家出してやる!各々が現実世界に辟易したドラえもん、のび太、しずか、ジャイアン、スネ夫の5人は誰にも邪魔されない新天地を求めて7万年前の世界へ向かう。
一行は居住地の建設や食物の生産などを行いながら、7万年前の世界を広々と開墾していく。やっぱりドラえもん映画の一番の旨味はここだ。岩盤にシャベルを突き刺せば砂のようにぐんぐん岩が削れていくし、カブを真っ二つに割れば中からホカホカのカツ丼やパスタが出てくる。
のび太は持ち前の好奇心を生かして「クローニングエッグ」に別の動物の遺伝子を掛け合わせてキメラ生物を生み出す(ペガサスのペガ、グリフィンのグリ、ドラゴンのドラコ)。こいつがまた可愛い。

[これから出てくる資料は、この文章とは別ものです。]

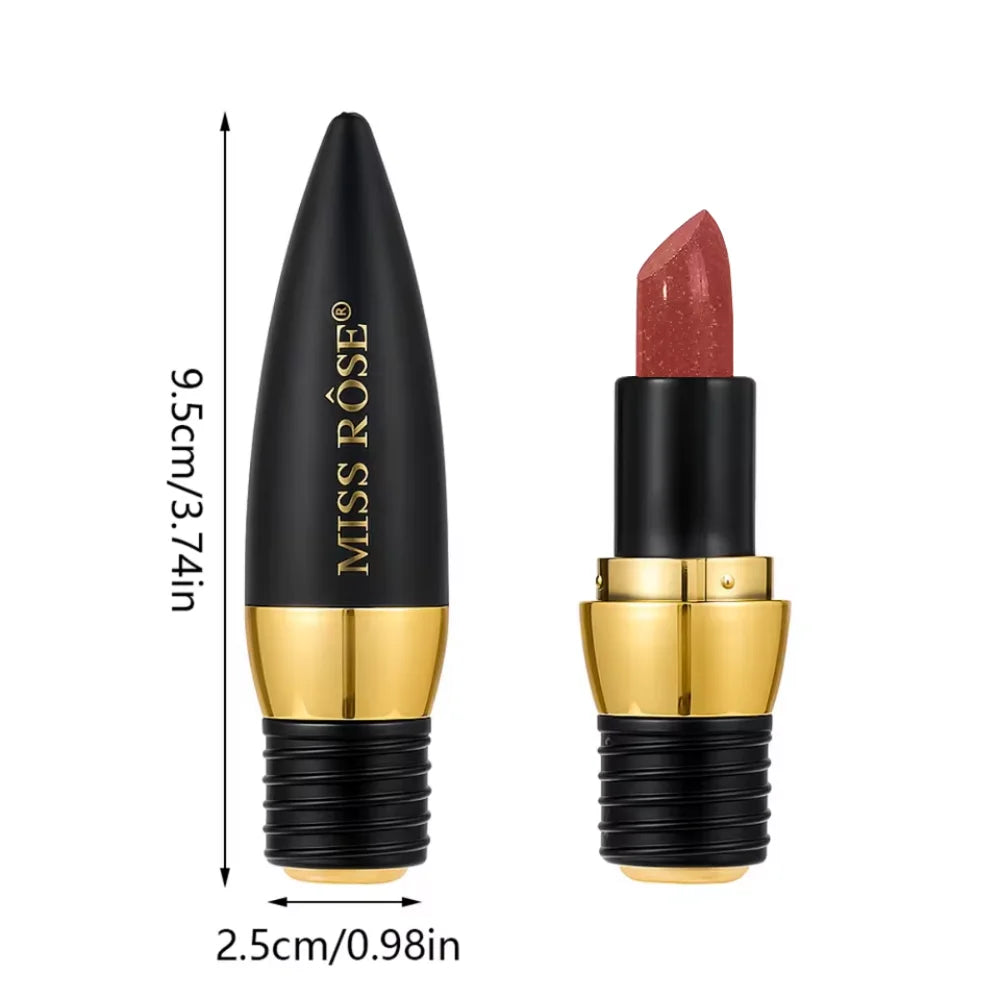 3 Color Black Sparkling Velvet Lipstick Metal Waterproof Long lasting Matte Diamond Lipstick Women's Cosmetics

「またいつでも来れるから」と現代世界に戻った一行は、原始人ヒカリ族の少年・ククルと遭遇する。彼は7万年前の中国大陸から時空乱流によって現代に流されてきてしまったのだ。
ヒカリ族は不死身の精霊王・ギガゾンビという後ろ盾を得たクラヤミ族と抗争を繰り広げており、ヒカリ族は北方に連れて行かれてしまったとククルは語る。かくしてドラえもん一行はククルと共にヒカリ族救出作戦を決行する。

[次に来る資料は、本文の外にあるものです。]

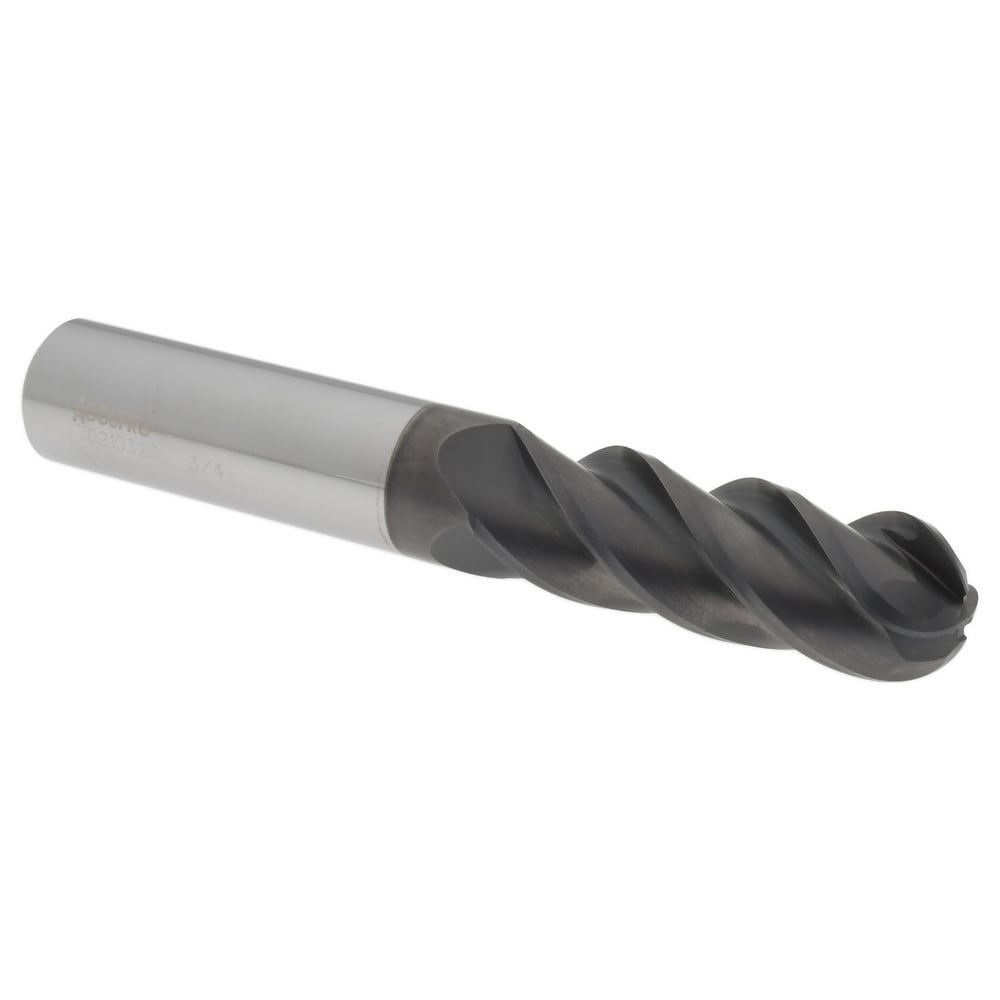 Ball End Mill: 0.75" Dia, 2.25" LOC, 4 Flute, Solid Carbide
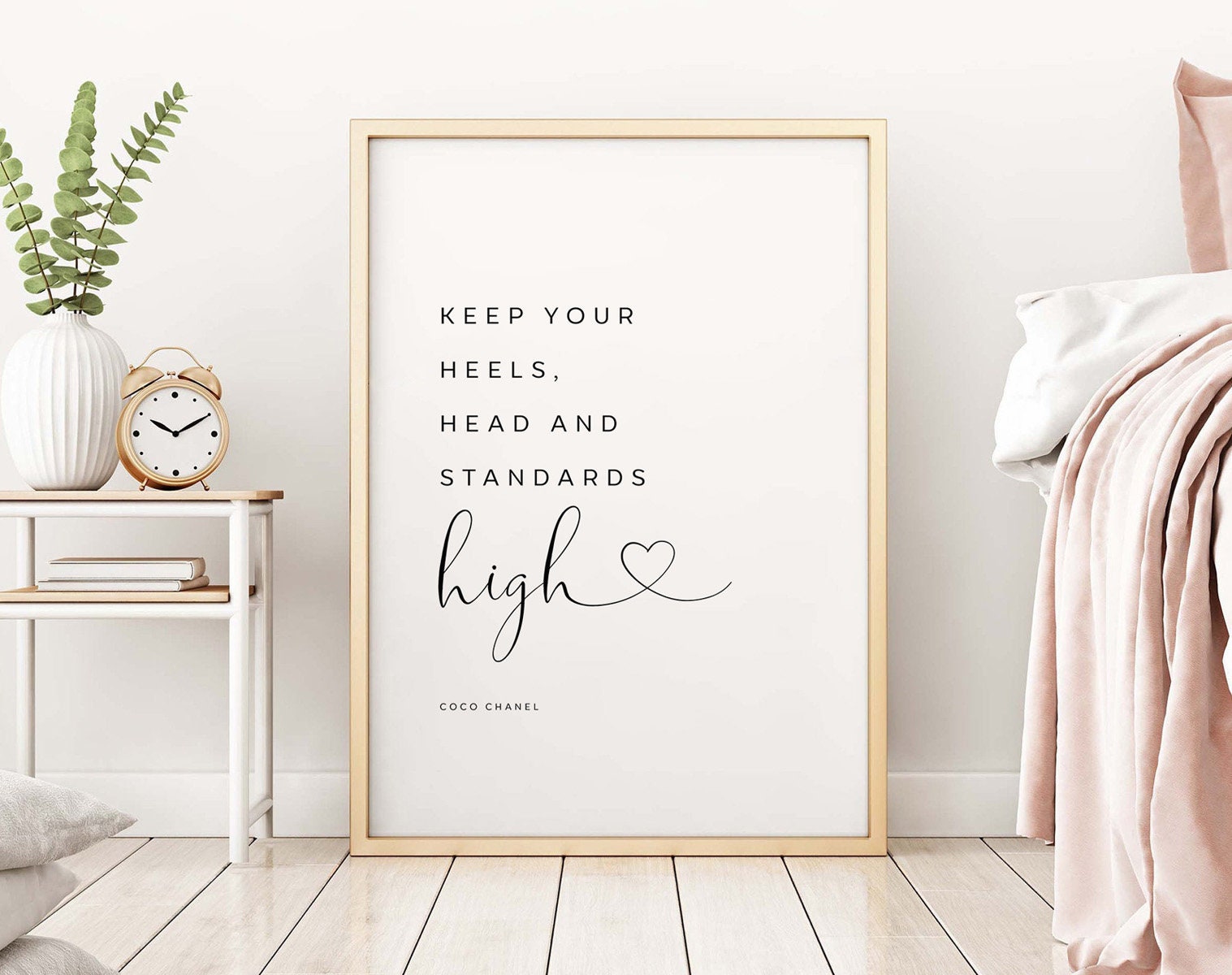 QUOTE, Keep Your Heels Head And Standards High,Chanel Wall Art,Girls Room  Decor,Fashion Print,Fashio Poster by AlexTypography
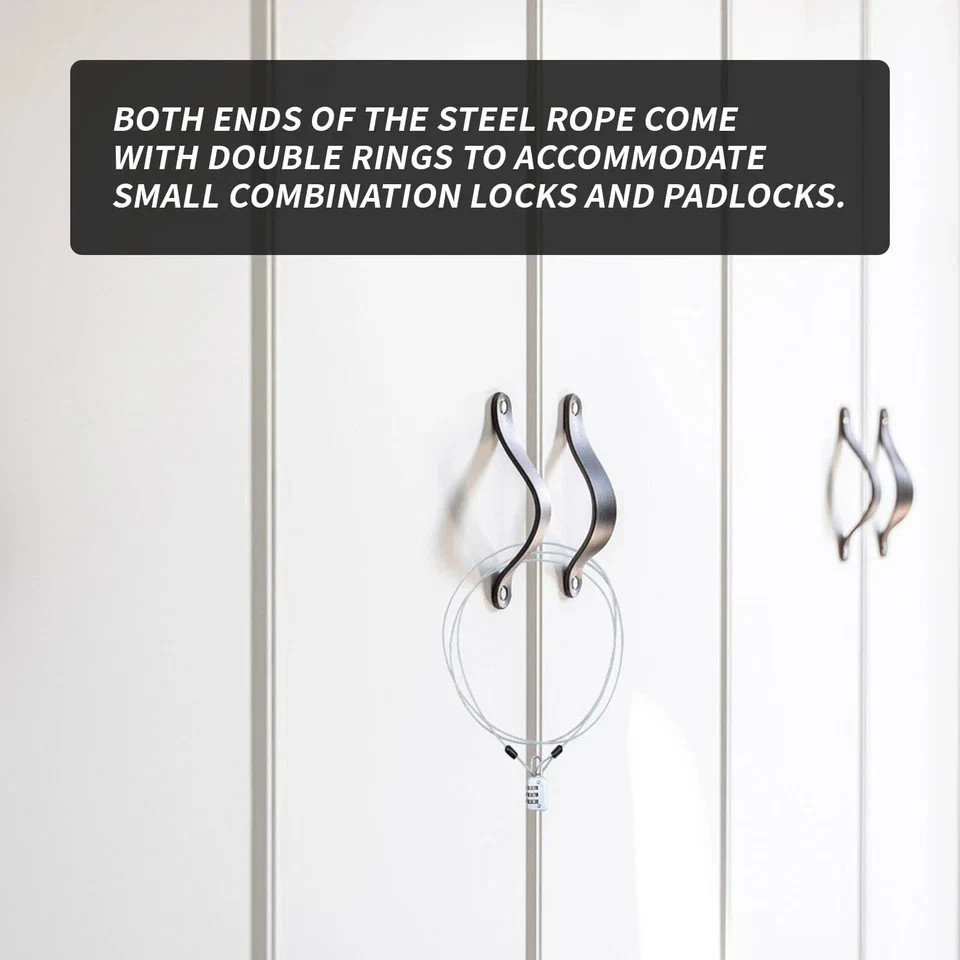 2 Pcs Cable Lock Double Loops - Long Silver Security Cables - Bike Locks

ギガゾンビの正体が未来の世界の時間犯罪者だったという種明かしは割と想定済みだったものの、彼らが尖兵として送り込んだ土偶型のロボット・ツチダマの不気味さは見事なものだ。バラバラに砕いてもすぐさま再生する無表情の機械が7万年前の世界にいるという異物感。子供だったら怖いだろうなと思った。
とはいえ全体的には既視感の強い展開の続く凡作だった。というか冒頭が面白すぎたんだな…
最終的には時間犯罪者を追っていたタイムパトロールが現れることで一行は窮地を救われる。それにしても「大人の介入」を物語的解決に据えることのできる藤子・F・不二雄って実はかなりのリアリストなんじゃないかと時折思う。